First and foremost, note the way in which nearly all the mainstream media debate was focused on the single sound bite of “nappy-headed ho.” This ignores that this comment occurred within a longer discussion in which the main point was to overtly sexualize the players on both the Rutgers team and the Tennessee team that they played. The “girls” from Tennessee were “cute” while the “hardcore hos” from Rutgers look “exactly like the Toronto Raptors,” or “The (Memphis) Grizzlies.” Imus’ producer at one point even argued that the two teams reminded him of the Spike Lee film “School Daze” with the Rutgers team as “The Jigaboos” and the Tennessee team as “The Wannabes.” This comment occurred right after Imus himself said the Tennessee team “all look cute,” thus what his producer was insinuating was that they were “less black,” and thus, more attractive.

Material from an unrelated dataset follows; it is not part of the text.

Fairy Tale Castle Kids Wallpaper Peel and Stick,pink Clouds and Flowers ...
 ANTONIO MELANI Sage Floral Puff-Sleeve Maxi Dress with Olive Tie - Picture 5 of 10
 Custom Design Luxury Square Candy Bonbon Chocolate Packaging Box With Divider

This might very well be the first time you’ve heard the entire context of the conversation, as opposed to simply the single sound bite. By reducing discussion in this way, much of the overt sexism of the conversation is lost in favor of a discussion that centers the single phrase. In other words, what was lost was that this conversation was designed to “put the ladies in their place” by reminding them that, no matter what they’ve done in life, they can always be objectified and sexualized by a group of men who are afraid of them and their accomplishments. Because of this, both teams deserved an apology. However, because the majority of the conversation was ignored, no one thought to ask why Imus was not apologizing to Tennessee as well as Rutgers.

Secondly, as another example that the sexism was not the problem, note that when the subject did come up within the mainstream media debate, it was by Imus himself when he tried to use it as a defense. Namely, Imus and his defenders relied on the “black rappers say ‘ho,’ too” argument whereby they argued that the culture writ large is sexist, so they cannot be held responsible for their sexism. This attempt at dodging accountability for his own words is laughable, but the overall point Imus unintentionally raises is a good one. Namely, there is an element of American culture that now encourages men to bond across racial lines in their objectification of women. Thus, elite white record company owners, black rappers and the Don Imuses of the world can come together to “put women in their place.” This message then filters down through the culture, sending the message that sexism is not only fine, but valued by those in power.

This tolerance of sexism – which has been ignored or excused in the Imus incident – needs to be addressed in the same way as the racism of his words. Feminist columnists and bloggers have been doing this, but within the mainstream media one continues to hear overwhelmingly male voices that, by and large, choose not to address the sexism of the comments. This is regrettable, because this moment could have been a chance for progressive women and men to not only acknowledge the sexism which pervades American culture, but also to put forth new definitions of what it means to be masculine, definitions which do not rely on a the need to continually reassert male supremacy through the denigration of women.